I ran the same SEM model in sem
and lavaan
. I got the same parameters and, generally, very close test values, with the exception of AIC
and BIC
which were immensely different between the two packages.
The following is the resulting AIC
and BIC
from sem
:
AIC = 2913.849
BIC = -1777.617
The following is the resulting AIC
and BIC
from lavaan
:
Akaike (AIC) 37780.878
Bayesian (BIC) 38178.999
Why is there such a huge difference in these values? Are they calculated differently in each package?
edit:
Here are pieces of code on how I got such values.
In the case of package sem
, I used the following line:
options(fit.indices = c("GFI", "AGFI", "RMSEA", "NFI", "NNFI", "CFI", "RNI", "IFI", "SRMR", "AIC", "AICc", "BIC", "CAIC"))

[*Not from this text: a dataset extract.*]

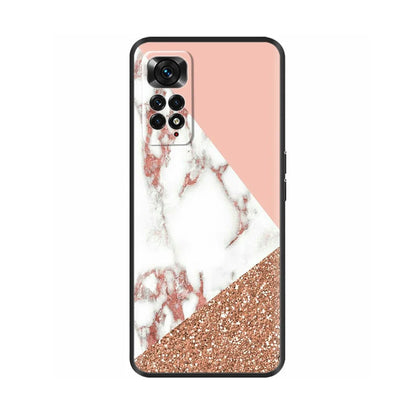For Xiaomi Redmi Note 11 Pro Case Soft TPU Silicone Phone Back Cover Para For Xiaomi Redmi Note 11s Note11 Note 11Pro 11 s Cases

fit = sem(mymodel, cov(mydata), nrow(mydata), data = mydata)
summary(fit)
As for the package lavaan
, the following line was used instead:
fit = sem(mymodel, data = mydata, estimator = "ML")
summary(fit,fit.measures=TRUE)
I am using R
version 3.0.3 (2014-03-06) "Warm Puppy" (x64 version), sem
package version 3.1-3 and lavaan
package version 0.5-16 .
Best Answer
I suspected the same thing as
Stat
when I wrote my comment but I wanted to cross-check it before saying it and be sure which package does what. This is what takes place:On the one hand
lavaan
uses the classical definition of $AIC$ as $AIC = -2L(\theta) +2k$ where $k$ is your number of free parameters and $L(\theta)$ the value of the log-likelihood function at $\theta$. (I think this is the "proper" thing to do.)On the other hand
sem
one uses the approximation $AIC \approx \chi^2 + m(m + 1) - 2DF$ where $m$ is the number of variables in the model and $DF$ is the model's degrees of freedom. This is approximation omits the constant part of the log-likelihood exactly because during model comparison this part is irrelevant. It is essentially a reformulation of the residual sum of squares - based derivation of $AIC$ for Gaussian likelihoods.Both $AIC$ values should be immediately available by simply writing out the formulas shown above and replacing each variable with the realization of it in your respective model. (Model summaries have this information.)